StanfordMLOctave/machine-learning-ex6/ex6/easy_ham/1843.22ff82ab4b9265075924f4...

Return-Path: skip@pobox.com
Delivery-Date: Mon Sep  9 20:19:04 2002
From: skip@pobox.com (Skip Montanaro)
Date: Mon, 9 Sep 2002 14:19:04 -0500
Subject: [Spambayes] deleting "duplicate" spam before training?  good idea
 orbad?
In-Reply-To: <LNBBLJKPBEHFEDALKOLCIECKBDAB.tim.one@comcast.net>
References: <15740.52432.861148.597750@12-248-11-90.client.attbi.com>
        <LNBBLJKPBEHFEDALKOLCIECKBDAB.tim.one@comcast.net>
Message-ID: <15740.62504.533596.995365@12-248-11-90.client.attbi.com>

    >> I wrote a script some time ago to try an minimize the duplicates I
    >> see by calculating a loose checksum, but I still have some
    >> duplicates.  Should I delete the duplicates before training or not?

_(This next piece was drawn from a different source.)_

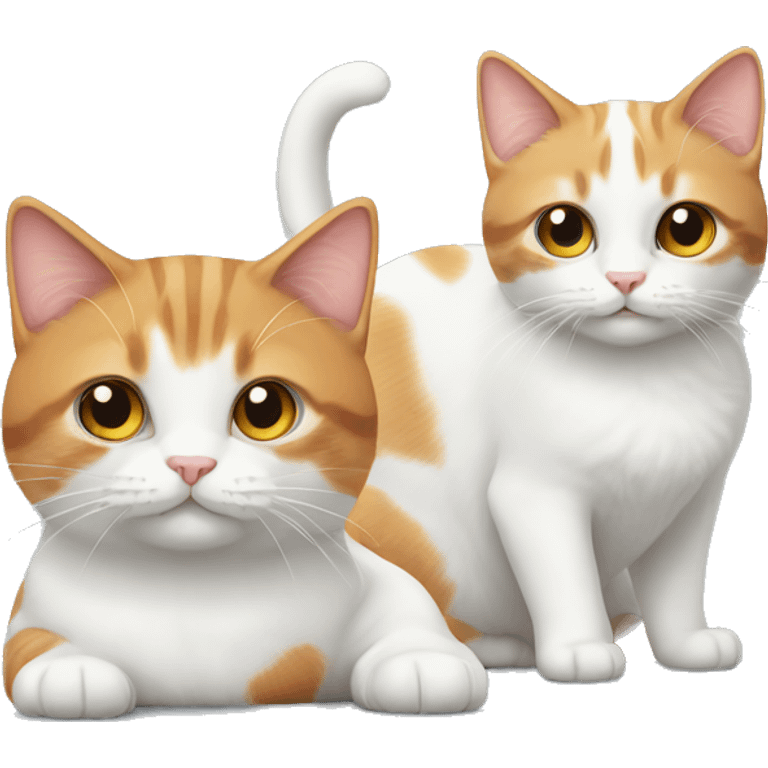 two white and ginger cats one is big one is small emoji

    Tim> People just can't stop thinking <wink>.  The classifier should work
    Tim> best when trained on a wholly random spattering of real life.  If
    Tim> real life contains duplicates, then that's what the classifier
    Tim> should see.

A bit more detail.  I get destined for many addresses: skip@pobox.com,
skip@calendar.com, concerts@musi-cal.com, webmaster@mojam.com, etc.  I
originally wrote (a slightly different version of) the loosecksum.py script
I'm about to check in to avoid manually scanning all those presumed spams
which are really identical.  Once a message was identified as spam, what I
refer to as a loose checksum was computed to try and avoid saving the same
spam multiple times for later review.

    >> Would people be interested in the script?  I'd be happy to extricate
    >> it from my local modules and check it into CVS.

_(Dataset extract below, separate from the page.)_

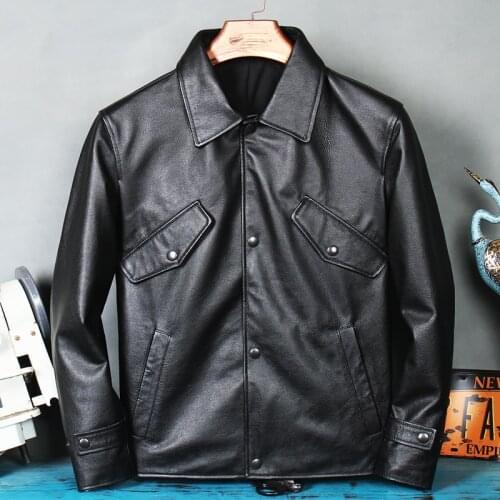 Mens Genuine Cowhide Korean Fashion Slim Leather Jacket Pure Top Layer Cowhide Jacket Coat Motorcycle Short Leather Jacket 4XL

    Tim> Sure!  I think it's relevant, but maybe for another purpose.  Paul
    Tim> Svensson is thinking harder about real people <wink> than the rest
    Tim> of us, and he may be able to get use out of approaches that
    Tim> identify closely related spam.  For example, some amount of spam is
    Tim> going to end up in the ham training data in real life use, and any
    Tim> sort of similarity score to a piece of known spam may be an aid in
    Tim> finding and purging it.

I'll check it in.  Let me know if you find it useful.

Skip